Abram’s journey is an interesting one: for God called him out of the First World of his day, into the Fertile Crescent. What God didn’t tell Abram, was that every Army in the world – until the invention of airplanes – would need to march through that land for ever to get to anyplace that was cool. And, of course, any time an Army Marches Through, they can’t help but rape and pillage. God set Israel up: tiny, unloved, and easy to march through on your way to someplace else.
I will make a great nation of you. God has got a seriously warped sense of humor – or else he’s trying to teach us something. “Us” here is the Church, called “Israel of God” and the “New Israel” by the Apostles. We are the Children of Abraham – and that should not be a good thing, really, in the eyes of the world. But we do our darnedest to make it out to be good, we want to be successful.
St Paul had to tell even his own disciple, St Timothy, “bear your share of hardship for the gospel”. Whatever it is, we don’t want it to be hard.
Abram, leaving the first world of his day, and wandering into the hinterlands is a sign for us. This sign was repeated when the Israelites left the first world of their day (Egypt) and wandered into the hinterlands. This sign was repeated again when the Jews left their captivity in the first world of their day and, again, wandered into the hinterlands. This is the pattern set up for the Church but her application has to be different – for the Church is sent into all the world, the Hinterlands, and the Innerlands, the Thitherlands and the Interlands.

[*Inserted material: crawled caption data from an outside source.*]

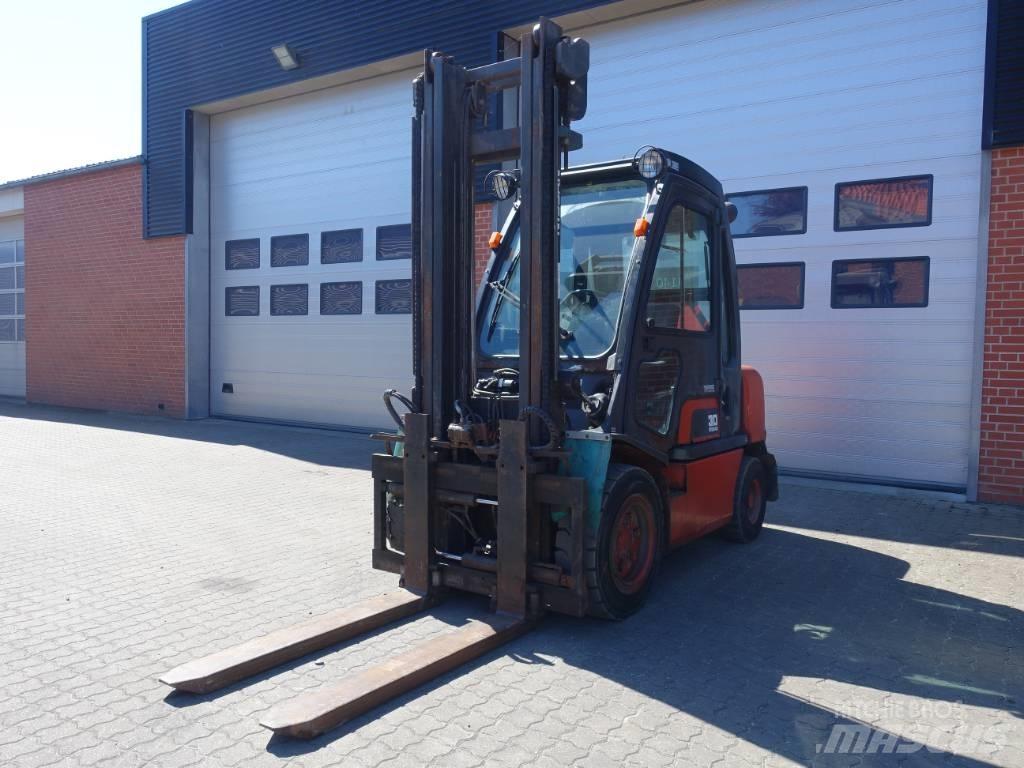 Nissan FGD 02A30Q Дизельные погрузчики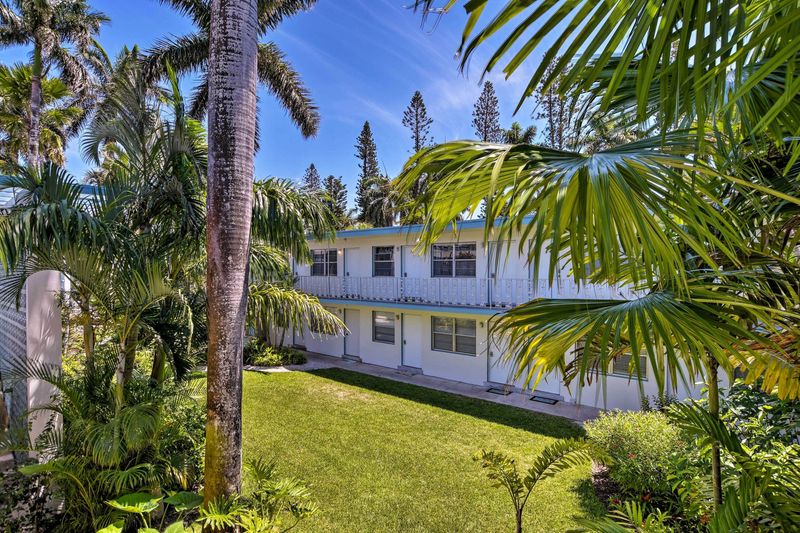 Renovated Studio at Naples Beach & Town — photo 18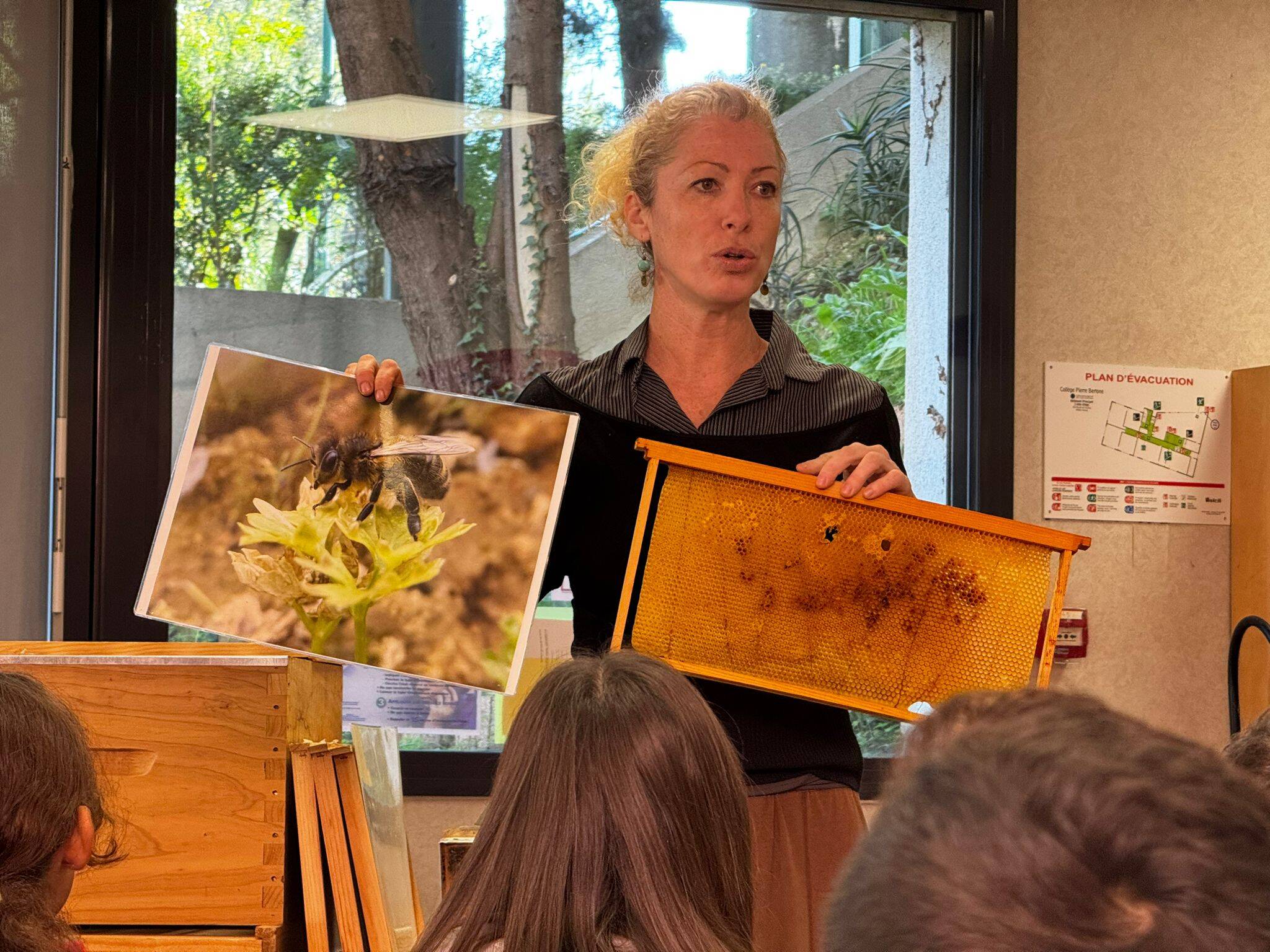 Une apicultrice du Var est venue partager ses connaissances sur les abeilles avec des collégiens d'Antibes
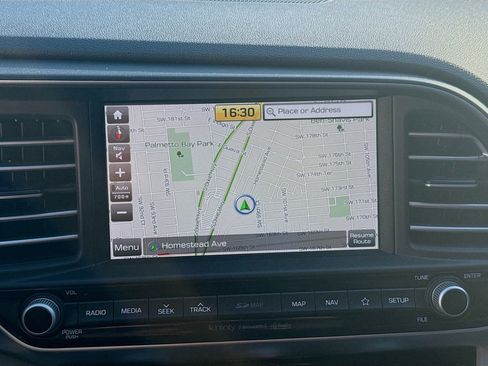 Used 2020 Hyundai Elantra Limited w/ Ultimate Package 03 image 11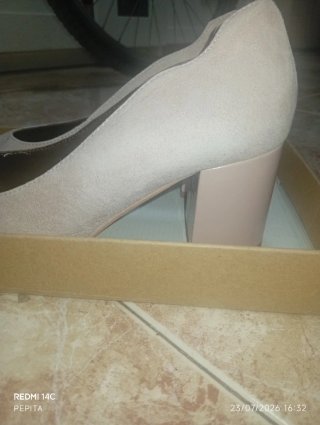 Zapato de invitada o boda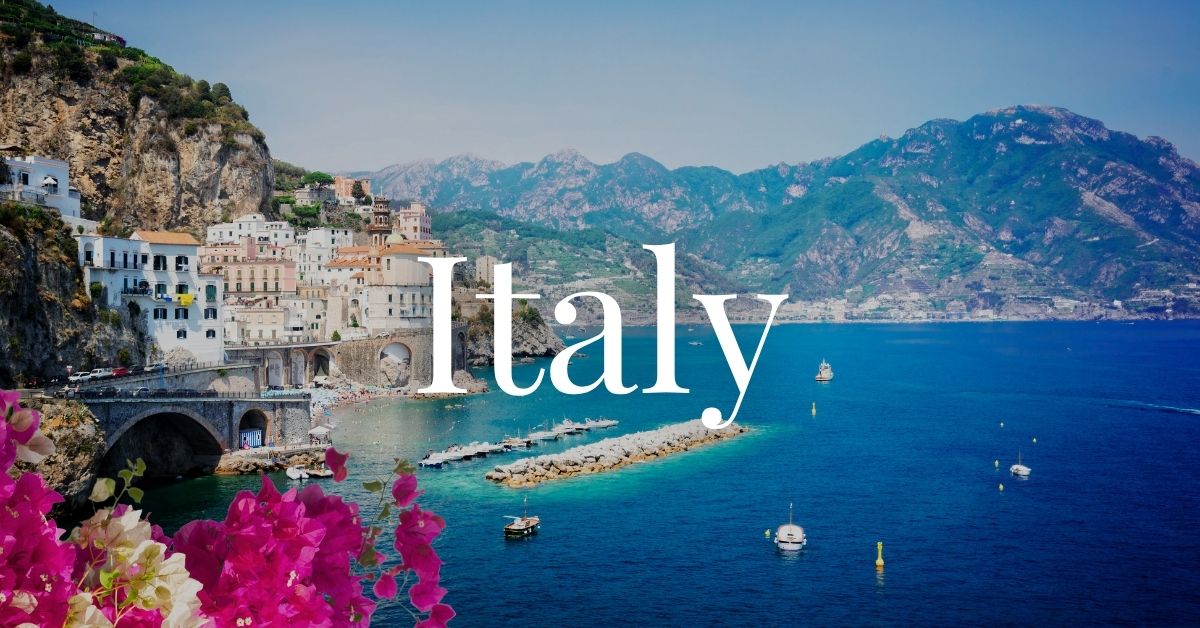 scenic photo of the Amalfi Coast in Italy
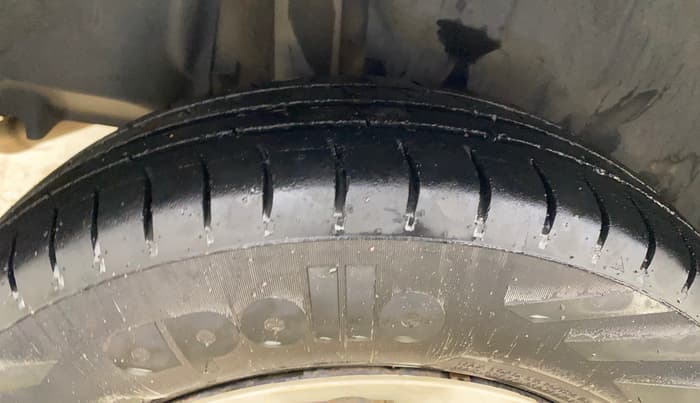 2020 Maruti Swift VXI, Petrol, Manual, 50,308 km, Right Rear Tyre Tread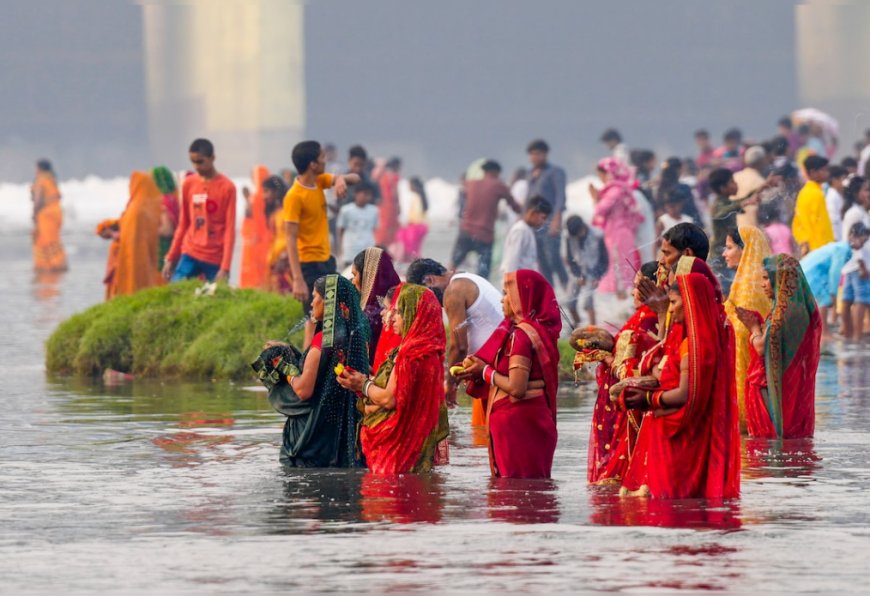 नहाय-खाय के साथ शुरू हुआ आस्था का महापर्व 'छठ', पीएम मोदी समेत कई दिग्गजों ने दी शुभकामनाएं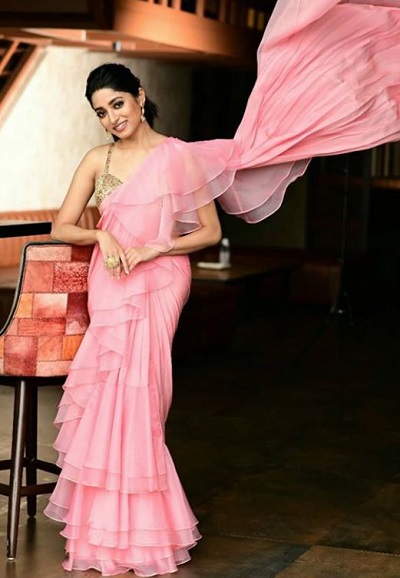 Ishaa Saha Height, Weight, Age, Boyfriend, Biography, Family & More 13 Ishaa Saha Height, Weight & Body Statistics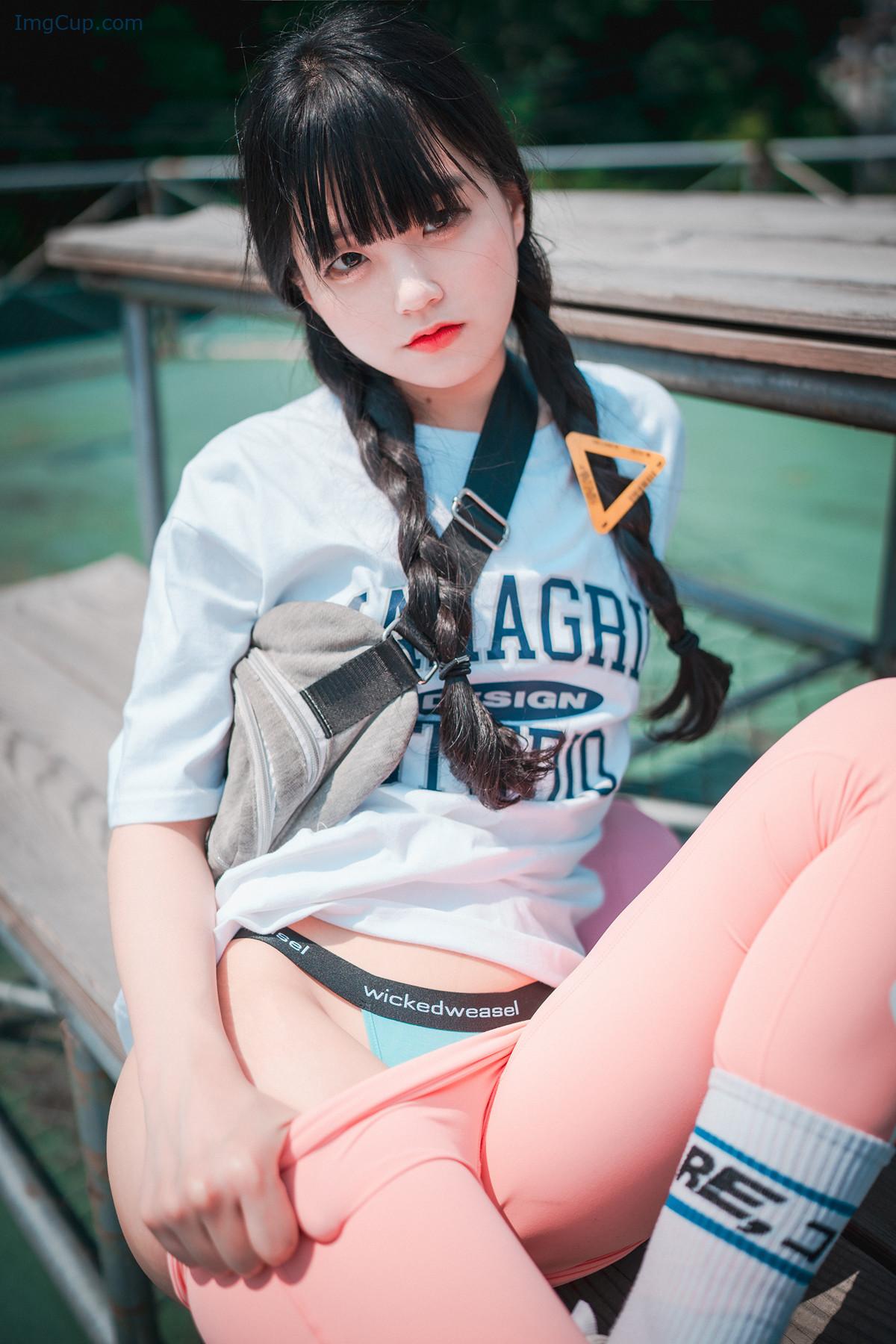 1724205743_164_Jeong-Jenny-정제니-DJAWA-‘Loose-and-Tight-Pink-Set01.jpg 1724205743 164 Jeong Jenny 정제니 DJAWA ‘Loose and Tight Pink Set01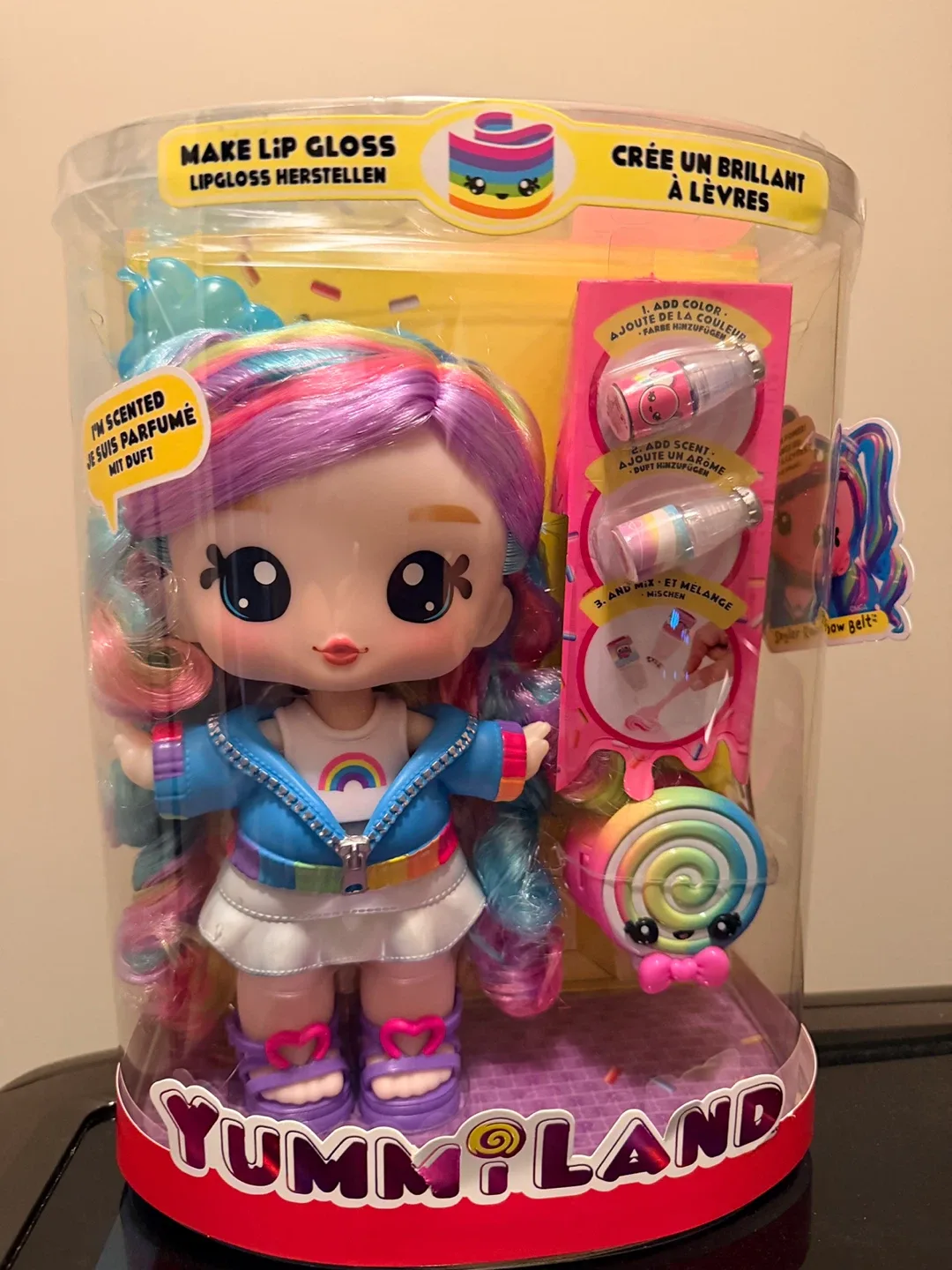 YummiLand Large Doll + Lip Gloss Pet - Skyler Rainbow Belt image indicator(3)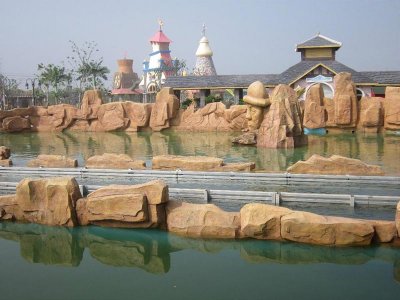 游樂(lè)園假山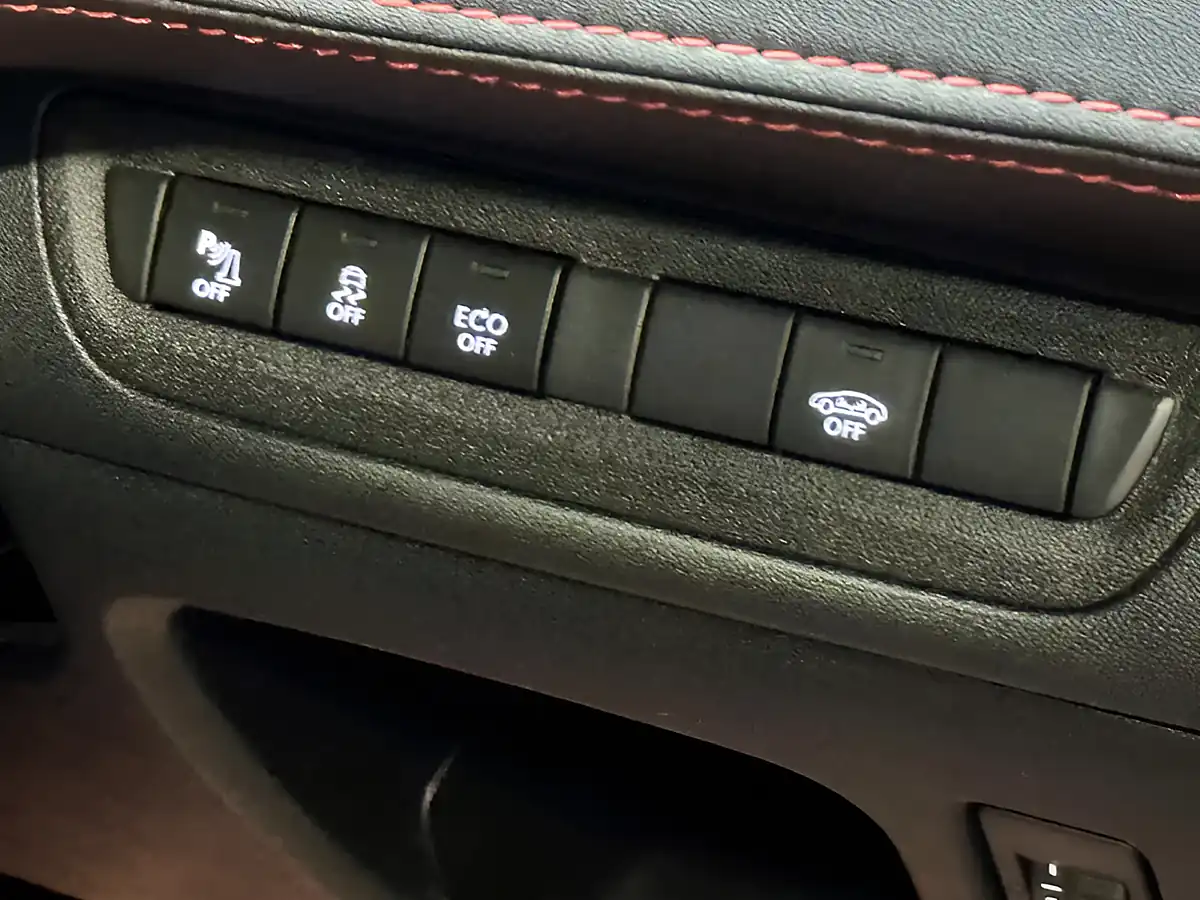 Used 2016 Peugeot 208 Prestige Red - Interior and Exterior details 19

The Church has no choice but to be everywhere. That’s why today’s Gospel is so important. In fact, it’s so important that those who carry the Gospel cannot be trapped in the first world: we cannot be successful in the eyes of the world because that success comes at the price of the lives of others.
What is today’s Gospel? That if we bear our cross, the Transfiguration is not far away. But if we drop our cross onto the backs of others – to make our lives easier. well. In the Tenth Station on Friday, “Jesus is stripped of his garments”, the following was offered:
Tenth Station
Jesus is Stripped of His Garments Violation of Human Rights and Human Trafficking
“After the crucifixion, his clothes were distributed by lot and he sat there covering himself.”Matthew 27:35-36
Meditation
The body of many immigrant, men, women and children, are often business objects to be sold and trafficked by criminal groups (smugglers) who operate with impunity in the transit countries of immigrants. Many suffer physical and sexual abuse, are forced into prostitution and unworthy work. They are stripped of their rights, their belongings, and even their lives. Like Jesus, boys and girls are battered reflections of our evil world.
PrayerJesus, deliver us from the temptations of pornography and immorality. Clean our anxious hearts from earthly pleasures. Stop the desire for profit and goods made at any price and give us a decent heart like yours. Amen.
(Source)
How can we say we’ve left our city to follow God, if, instead of being Transfigured into his likeness, we are destroying his likeness in ourselves and others?